Class | Reporting date | Claim amount | Settlement date |
---|---|---|---|
Property | 2015-10-17 | 188507674 | 2015-11-14 |
Accident | 2017-10-13 | 47539399 | 2017-10-20 |
Liability | 2016-02-03 | 217644779 | 2016-02-03 |
Liability | 2012-08-10 | 128384544 | 2012-08-18 |
Liability | 2012-05-25 | 124317697 | 2012-05-27 |
Liability | 2018-04-18 | 87314327 | 2018-06-01 |
Introduction
Insurance companies are financial institutions that mitigates risk by providing protection against potential losses or damages. Policyholders pay regular premiums to an insurance company in exchange for coverage. In the event of a covered incident, they can file claims to receive compensation.
This article will focus on insurance claims experience data, from a portfolio of insurance claims.
In trying to understand a portfolio of insurance claims, we are concerned with two variables: the claims frequency, and claims severity.
Claim frequency: Number of expected or actual claims which occur in a given time period.
Claim severity: This refers to the financial cost of a claim.

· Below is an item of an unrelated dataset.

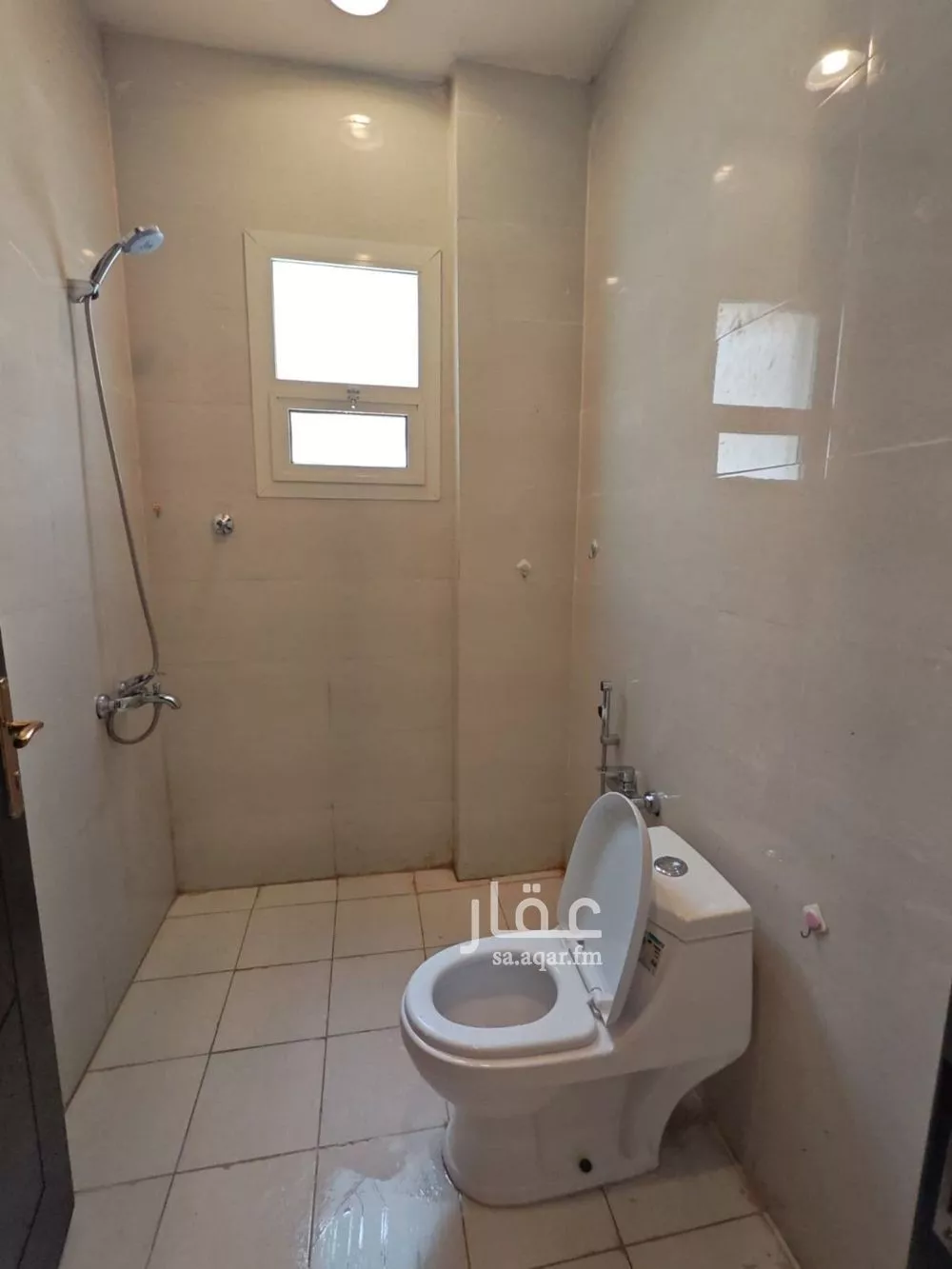 شقة 1 غرف في الروضة 10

The data is obtained with permission from a liability insurance company in Kenya, and a glimpse of the data is shown below:
Claim frequency
In total, we have 23,057 claims. The reporting date ranges from January 2005 to 2020 December. The distribution of policy classes and a smoothed time series of monthly aggregated counts for the various policy types is shown below:
The liability claims take a larger share of the portfolio, followed by property, and accident takes the smallest share of the portfolio. There was a sharp spike in claims frequency during the period mid-2012 in liability claims, and the general trend post 2015 is a declining one in all policy types.
Claim severity
The claim severity distribution for the three insurance classes is shown below. Due to the highly skewed nature of the data (minimum claim: 1030, maximum claim: 21 million), a log transformation is appropriate for visualization clarity.

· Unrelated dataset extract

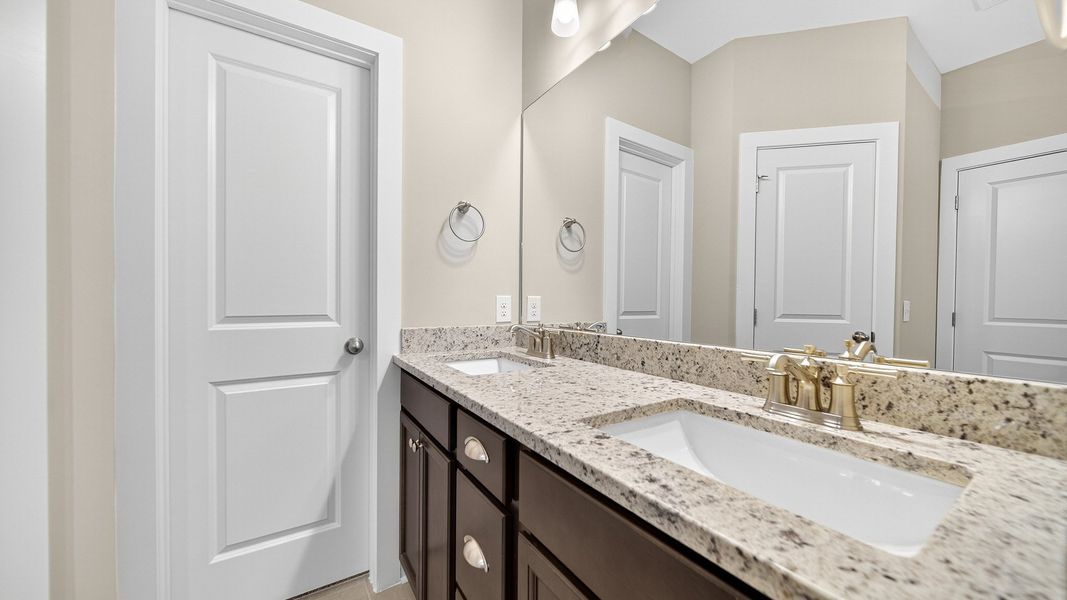 Furnished interior view inside a new home in McClure Farms, Columbia (Image 19).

The accident claims have the lowest average claim amounts, while the liability claims have the highest average amounts. Overall, there is a significant overlap among the claim amounts of the three classes. The data are highly skewed and heavy tailed, with the summary statistics shown below:
Class | Data | Mean | Variance | Skewness | Kurtosis |
---|---|---|---|---|---|
Accident | Severity | 495483 | 5.152381e+12 | 11 | 152 |
Accident | Log severity | 11 | 4.000000e+00 | 1 | 3 |
Liability | Severity | 518609 | 8.383795e+12 | 42 | 2417 |
Liability | Log severity | 12 | 2.000000e+00 | 0 | 4 |
Property | Severity | 644126 | 2.519351e+13 | 27 | 856 |
Property | Log severity | 12 | 2.000000e+00 | 0 | 4 |
The liability data has the highest skewness and kurtosis, followed by property and finally accident claims. Property claims have the highest mean and variance among the three classes. The log-transformation has effectively reduced the skewness and kurtosis of the data, making it simpler.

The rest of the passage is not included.